Op-Ed: Gov’s Insistence on PLAs Excludes Majority of State’s Skilled Labor

0 August 2, 2012  State & Local Construction, Transportation & Infrastructure, Uncategorized

The controversy over Massachusetts Gov. Deval Patrick’s (D) decision to require contractors to sign a wasteful and discriminatory project labor agreement (PLA) as a condition of performing work on the $285 million reconstruction of I-95’s Whittier Bridge continued to attract attention and remind Bostonians of past PLA failures in their community this week.

 

 

Greg Beeman, president of the Massachusetts Chapter of Associated Builders and Contractors wrote the following op-ed, published on August 1 by the Lowell Sun.

Gov’s Insistence on PLAs Excludes Majority of State’s Skilled Labor 

As a candidate, Deval Patrick pledged to “change the Big Dig culture on Beacon Hill.”

But as governor, he has supported an unfortunate part of the Big Dig culture by insisting that key construction projects be built under the same exclusionary labor policy used on that infamous mega-project.

The Big Dig was built under a union-only project labor agreement. PLAs exclude nonunion workers by requiring unions to be the “sole and exclusive” source of all job-site labor.

In advance of the 2010 election, Patrick agreed to a PLA on a $750 million, 10-year UMass Boston rebuilding project. This winter, unofficial word was out that there would also be a PLA on the $260 million rebuilding of the Longfellow Bridge, which connects Boston and Cambridge. It was the first PLA on a state infrastructure project since the Big Dig.

With Longfellow in mind, in February Transportation Secretary Richard Davey told a construction-industry group that there would be no PLAs on the other large bridge projects in the pipeline. Based on this, companies formed the joint ventures that are common on these projects and spent considerable time and money preparing bids.

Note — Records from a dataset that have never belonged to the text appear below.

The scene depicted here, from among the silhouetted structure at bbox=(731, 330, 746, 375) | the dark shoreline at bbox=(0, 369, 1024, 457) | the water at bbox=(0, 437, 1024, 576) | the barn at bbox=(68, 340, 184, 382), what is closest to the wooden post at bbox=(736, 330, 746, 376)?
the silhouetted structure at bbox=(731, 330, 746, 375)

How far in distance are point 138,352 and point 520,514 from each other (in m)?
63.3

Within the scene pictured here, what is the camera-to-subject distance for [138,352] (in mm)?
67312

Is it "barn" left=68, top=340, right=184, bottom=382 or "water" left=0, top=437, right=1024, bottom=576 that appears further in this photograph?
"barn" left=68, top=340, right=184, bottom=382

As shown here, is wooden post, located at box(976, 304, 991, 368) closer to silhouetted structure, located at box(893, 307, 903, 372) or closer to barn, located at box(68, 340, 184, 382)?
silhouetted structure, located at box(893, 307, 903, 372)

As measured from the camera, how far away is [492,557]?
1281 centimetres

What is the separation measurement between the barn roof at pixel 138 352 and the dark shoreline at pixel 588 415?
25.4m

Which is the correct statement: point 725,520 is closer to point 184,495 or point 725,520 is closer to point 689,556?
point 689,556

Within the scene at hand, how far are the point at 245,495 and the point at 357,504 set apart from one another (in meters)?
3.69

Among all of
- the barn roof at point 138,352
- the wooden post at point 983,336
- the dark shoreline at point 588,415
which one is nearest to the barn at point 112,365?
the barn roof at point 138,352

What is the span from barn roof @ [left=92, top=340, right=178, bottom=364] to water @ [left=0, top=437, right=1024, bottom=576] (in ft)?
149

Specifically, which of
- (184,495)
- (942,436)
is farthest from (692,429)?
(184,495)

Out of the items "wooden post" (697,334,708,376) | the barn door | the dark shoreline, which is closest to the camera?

But last month, just before a key bid submission was due, the Patrick administration reversed itself and announced there would be a PLA on the $285 million reconstruction of I-95’s Whittier Bridge across the Merrimack River in Amesbury.

The Whittier PLA will result in the vast majority of the Massachusetts construction workforce being shut out of the project.

Unionstats.com reports that 85 percent of Massachusetts construction workers choose not to affiliate with a union. In 2007, Gov. Patrick’s then-chief economist at the Department of Workforce Development wrote that “the percentage of construction industry union members might fall in the 15-17 percent range.”

Shortly after Davey’s speech, MassDOT spokesman Michael Verseckes told a Worcester reporter that PLAs are “typically not issued” for road and bridge projects. Verseckes changed his tune this month, when he told the Newburyport Daily News that the Whittier PLA is “prudent” because it “may help ensure the bridge is finished on time and on budget.”

This sounds a lot like the “efficiency” the governor cited when he agreed to unions’ request for the UMass PLA. Gov. Patrick himself told the Boston Business Journal the Longfellow Bridge PLA will reduce project costs based on evidence “from other states.”

But 13 states, including Maine and even labor-friendly Michigan, have banned PLAs on statefunded construction projects.

While PLAs increase costs, they don’t increase wages. Everyone working on public projects – both union and open shop – is already covered under state and federal prevailing-wage laws.

Unions argue that PLAs guarantee labor peace. But a study by Suffolk University’s Beacon Hill Institute (BHI) of federal construction projects between 2001 and 2008, when PLAs were prohibited on the federal level, didn’t find a single job beset by labor disputes. When asked by The Boston Globe, Secretary Davey couldn’t cite any local projects in recent years that suffered from labor unrest.

Massachusetts residents who remember the Big Dig also question the benefits of PLAs. A 2010 Suffolk University/7 News poll found that 69 percent of state residents oppose compelling contractors to hire all their workers through unions.

When Fall River lifted a PLA on local school projects in 2006, the number of subcontractor bids almost doubled and prices fell by nearly 15 percent. ABHI study of Massachusetts school construction found that PLAs added at least 12 percent to construction costs.

Unions respond that the Whittier project is complex and they claim to provide a more skilled labor force. Yet Davey himself acknowledged to the Boston Globe that nonunion firms are capable of completing the project.

There’s nothing wrong with Gov. Patrick supporting unions or with unions supporting him. But it is wrong for elected officials to make policy that benefits only unions at the expense of the majority of workers and the taxpayers who foot the bill.

When that happens, as we saw with the Big Dig, we pay a high price indeed.

Greg Beeman is president of the Associated Builders and Contractors of Massachusetts.